Monday, January 24, 2011

Sanctity of Life: Embracing the Christian Ideal


Dear Parish Faithful,

Yesterday was “Sanctity of Life Sunday” in the Orthodox Church in America. The meaning of this commemoration is manifold, but essentially it is both the confirmation of the “sacred gift of life” that we promote, and a “peaceful protest” against the immoral abortion laws that allow for the destruction of life on a horrific scale – still over a million abortions a year. We affirm that life is a gift from God from conception to the grave and beyond into the eternal Kingdom of God.

In a broader context, we learn of the sanctity of life within the realm of marriage and the task of raising the children conceived and born as the fruit of that marriage as a gift from God. There is both joy and responsibility implied in the decision and then the fact of having children. Perhaps, then, we can approach the awareness of the “sanctity of life” from within our marriages that we hope are inspired by Christian principles that are rooted and grounded in God’s revelation to us concerning the purpose and meaning of life, and the more specific principle that “procreation means co-creation.” We, as parents, “co-create” with God when a child is conceived and born into the world.

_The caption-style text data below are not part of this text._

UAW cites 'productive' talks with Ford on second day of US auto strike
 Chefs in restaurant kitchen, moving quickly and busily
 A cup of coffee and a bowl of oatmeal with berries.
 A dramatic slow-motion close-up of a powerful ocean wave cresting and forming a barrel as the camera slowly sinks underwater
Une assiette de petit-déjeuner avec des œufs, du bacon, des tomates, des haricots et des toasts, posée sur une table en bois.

From this perspective, I would like to share a passage from Fr. John & Lyn Breck’s book, Stages on Life’s Way. This is not a passage dealing directly with abortion, but a passage that asks the question, “Does Christian Marriage Have a Future?” Perhaps that is the broader perspective on the “abortion issue,” and whether or not the practice of abortion will at least remain a burning social issue that disturbs the conscience of American citizens. Fr. John and Lyn Breck write the following:

In the face of all of the challenges thrown up today against the institution of marriage, our vocation as Christian people is clear. It is to rediscover and to relive within our conjugal unions a depth of devotion, commitment, faithfulness, and love that heals and transforms the profound loneliness that threatens the lives of each of us in a hostile and meaningless world. It is to rediscover the truth that marriage is most firmly grounded in friendship – a delight in the other person, a joy in their presence, a respect for their feelings and integrity, and a devotion so pure and boundless that we are willing to die for that person. If the divorce rate is what it is, if domestic violence and neglect are so common in this society, it is largely because the spouses have never discovered in each other a real friend – a unique confidant, a source of intellectual stimulation and spiritual enlightenment, a person with whom they can share laughter, tears, and mutual delight.

Christian marriage certainly has a future, and a promising one as well, to the degree that believing couples assume their conjugal union as a spiritual vocation that is given, blessed, and fulfilled by God. And it will be a union not only of obligation and sacrificed but also of devotion and joy insofar as they take to heart a simple bit of popular wisdom each of us should tape to our refrigerator door: happiness is being married to your best friend. (Stages of Life’s Way, p. 72-73)


I know Fr. John well, and he is not a “pie-in-the-sky” dreamer; but a concerned Orthodox theologian and pastor that provides the ideal based upon the Gospel that we commit ourselves to pursuing by embracing the designation of Christian.